Otras personas en el restaurante escucharon la conversación y comenzaron a reunirse. Todos quedaron impresionados con el reloj. El hombre prosiguió: “El joyero me dio el primero”, y le mostró un número inscrito en la pulsera, 00001. El hijo se quedó estupefacto. Consiguió su comida y comenzó a conducir a casa, pero no podía comer y parecía que no podía quitarse el reloj de la cabeza. Con un rápido tirón, dio vuelta el auto y regresó en busca de esa joyería de pueblo pequeño.

Al entrar a la tienda, vio su reloj colocado en lo alto de un pedestal en la ventana delantera con una tela de felpa roja rodeándolo, brillando bajo un foco. Le preguntó al propietario: "¿De dónde sacaste este reloj?"

El dueño desvió repetidamente la pregunta y el hijo se impacientó. Finalmente, bajo presión, el propietario admitió haber encontrado el reloj.

"He sido joyero durante más de cincuenta años y nunca había visto un reloj de tanta belleza", dijo. “Sabía que no podía copiarlo exactamente sin sospechar nada, así que lo modifiqué un poco, lo hice mío y comencé la producción en masa. He producido muchos miles hasta la fecha. Es la joya más vendida que he tenido”.

Presa del pánico, el hijo intentó explicar que el reloj era suyo.

"¡Era una reliquia familiar!" gritó. “¡No tenías derecho a copiarlo y producirlo en masa!”

El joyero no se conmovió ante sus súplicas, por lo que el hijo salió furioso de la tienda y condujo a casa imprudentemente. Cuando entró a su casa fue directo a su sillón favorito. Su esposa pasó y vio a su marido enrojecer de ira.

"¿Qué pasa?" ella preguntó.

“Nunca creerás lo que me acaba de pasar”, respondió. Continuó contando toda la historia. "¿Puedes creerlo?" él dijo. “El descaro de ese joyero de tomar una reliquia familiar que era tan preciosa para mí y replicarla. ¡Y luego tener el descaro de hacerlo pasar por auténtico! Quiero decir, ¡ese reloj ha estado en mi familia durante cientos de años!

La esposa se sentó en silencio y escuchó, pero no había consuelo en sus ojos. Su silencio hizo que él le gritara.

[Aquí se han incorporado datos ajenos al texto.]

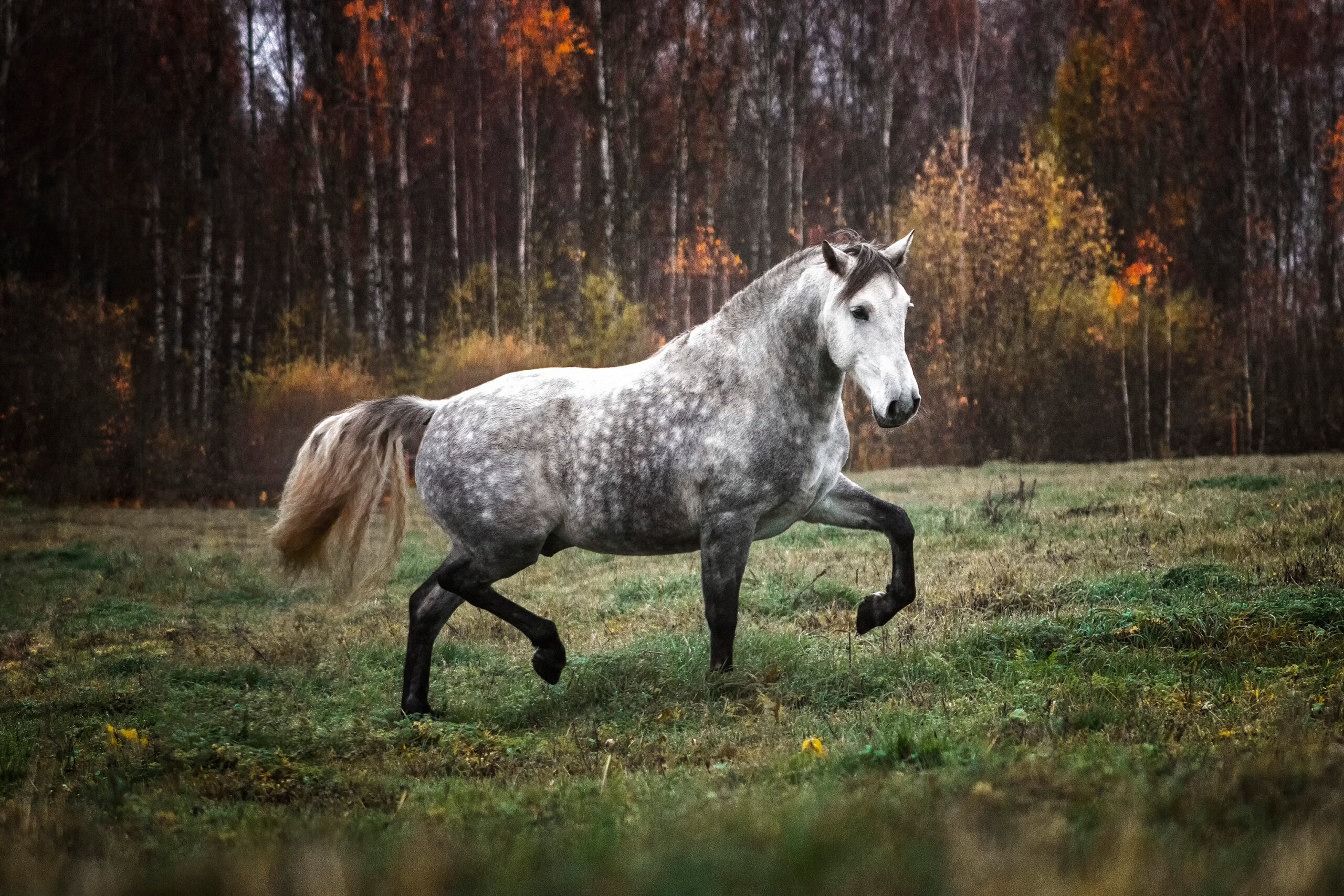Equines Metabolisches Syndrom (EMS) beim Pferd – Symptome & Diagnose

"¿Qué? ¿Por qué me miras así?

"No te importaba ese reloj", dijo. “Ni siquiera sabías dónde estaba la mitad del tiempo. De hecho, pasaron meses antes de que te dieras cuenta de que estaba perdido. Ahora, cuando alguien más ha reconocido su belleza y la ha reclamado como suya, te enojas y quieres que se la devuelva”.

Un silencio culpable llenó el aire.

* * *

Nosotros, como católicos, tenemos un don maravilloso en la Esposa de Cristo, la única, santa, Católico, e Iglesia apostólica. En ella reside la plenitud de la fe, una fe que ella ha custodiado fielmente y transmitida de generación en generación. Podemos estudiar y acercarnos a esa fe, o podemos ignorarla, tal vez incluso cambiarlo para que se ajuste a nuestras propias ideas. Pero si lo hacemos, cuando se presenta una falsificación, envuelta en una verdad parcial, perderemos a nuestra familia y amigos ante su atractivo y no tendremos a nadie a quien culpar excepto a nosotros mismos.